To investigate the correlation within altered fecal metabolites, microbiota and physiological performance, we analyzed inter-relationship about the changes induced by MPS supplement. We employed SparCC (Sparse Correlations for Compositional data) correlation analysis among the results from multi-omics and the connection between metabolites (GC-MS metabolomics) and microbiota ecology (16 S rRNA gene amplicon sequencing) were analyzed using multi-omics dataset. Procrustes analysis (PA), superimposition and scaling of PCA models of two datasets, PA evaluated the congruence of two-dimensional data distributions. The overall similarity assessment between the MSP and control groups was statistically separated (p < 0.002) (Fig. 5A) and the correlation of them were represented as a network analysis. BCAA, uracil, and amino acids such as proline and alanine were tightly associated with fecal microbial population, notably Firmicutes, the phylum which Lactobacillus was included, was correlated with amino acid (Fig. 5B, C). Specifically, MSP supplement increased BCAA including valine, isoleucine and other amino acids such as alanine and proline in piglet feces (Fig. 5D). These results demonstrated the same context with the previous results that Lactobacillus were enriched by MSP supplement increased the concentration of BCAA.

Fig. 5
figure 5

Correlation analysis between fecal microbiota and metabolites. The depiction of similarity analysis and SparCC correlation analysis results. A PA, the length of the lines connecting two locations reflects how well two datasets samples agree. The correlation coefficient R ranges from 0 to 1, and the closer it is to 1, the more similar the two datasets are. B Correlation between the functional metabolites and fecal microbiota. The pink nodes represent the functional metabolites and the other nodes of bacteria were grouped with different colors (functional false discovery rate (FDR) < 0.05).

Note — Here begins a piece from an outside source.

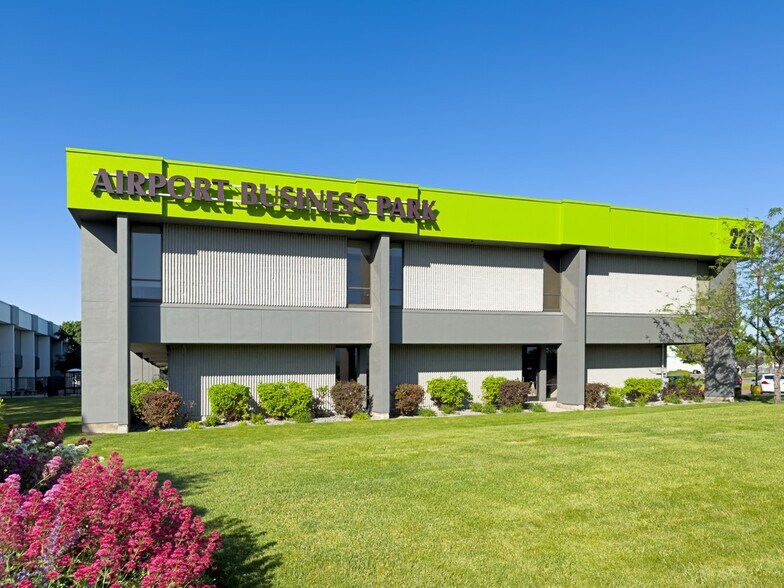 More Photos Of 220 N 2200 W, Salt Lake City Office For Sale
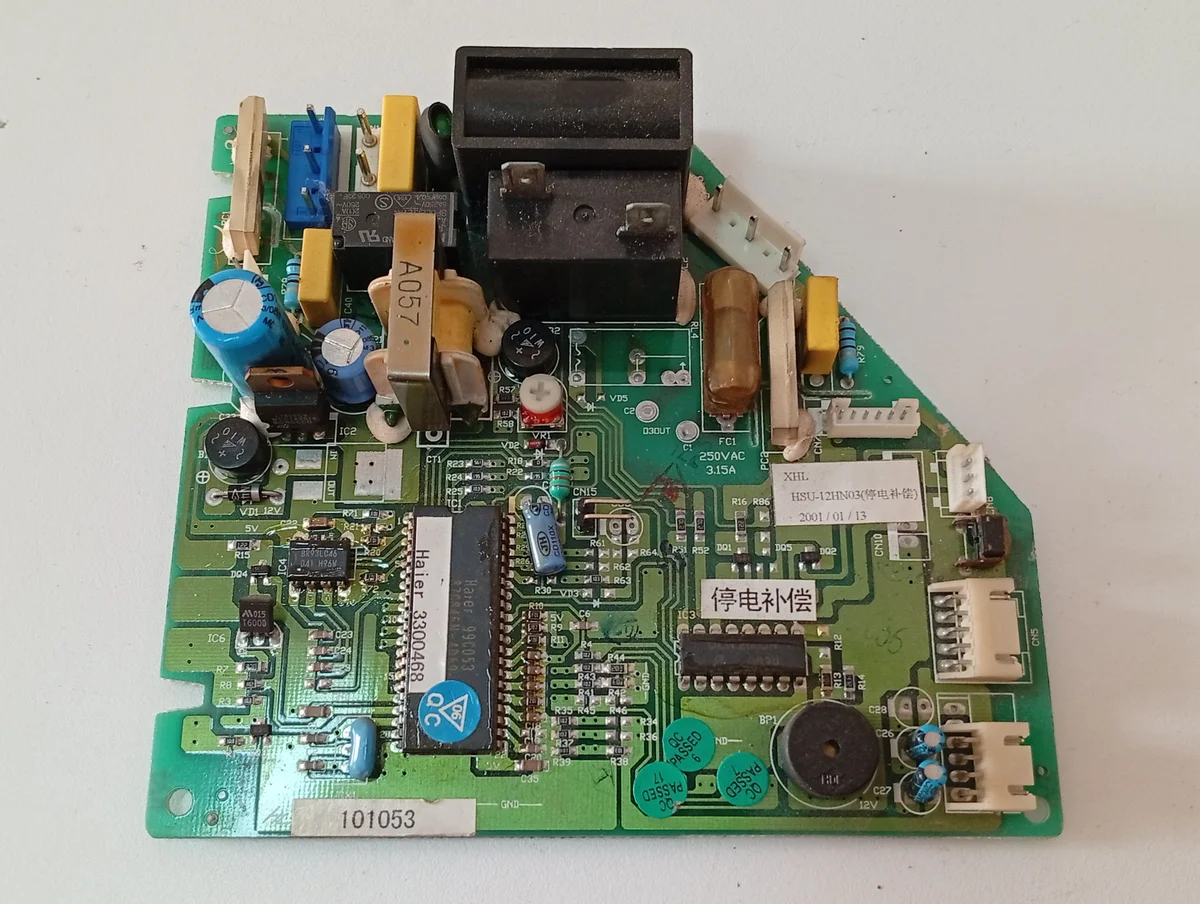Placa Electrónica Aire Acondicionado 3300468/HSU-12HN03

C SparCC correlations between bacteria and metabolites are depicted in a Circos plot. Red or green lines indicate positive or negative correlations. D Heatmap represent metabolites concentrations correlated with each group

The functional microbial pathways were analyzed using PICRUSt analysis and visualized using STAMP (Fig. 6A). The MSP supplement influenced energy metabolism including citrate cycle, pentose phosphate pathway and PPAR signaling pathway. The amino acid metabolism and aminoacyl-tRNA biosynthesis were also influenced in such ways of alanine, proline and BCAA (Fig. 6A, B). These results demonstrated that Lactobacillus enriched by MSP supplement increased BCAA and up-regulated energy and BCAA metabolism. On the basis of these findings, it is suggested that a comprehensive examination of the effects of the increased commensal Lactobacillus on the host as a consequence of MSP supplementation is necessary.

Fig. 6
figure 6

Metabolic pathway enrichment analysis was performed on differential metabolites. A KEGG pathways predicted in the fecal microbiota of the control and MSP groups using PICRUSt. Statistical analysis was carried out using STAMP software. B Differential metabolic pathways depicted up-regulated or down re-regulated metabolites involved in each metabolic pathway. p-value < 0.05 was considered statistically significant

Functional analysis of Lactobacillus influenced by MSP supplement.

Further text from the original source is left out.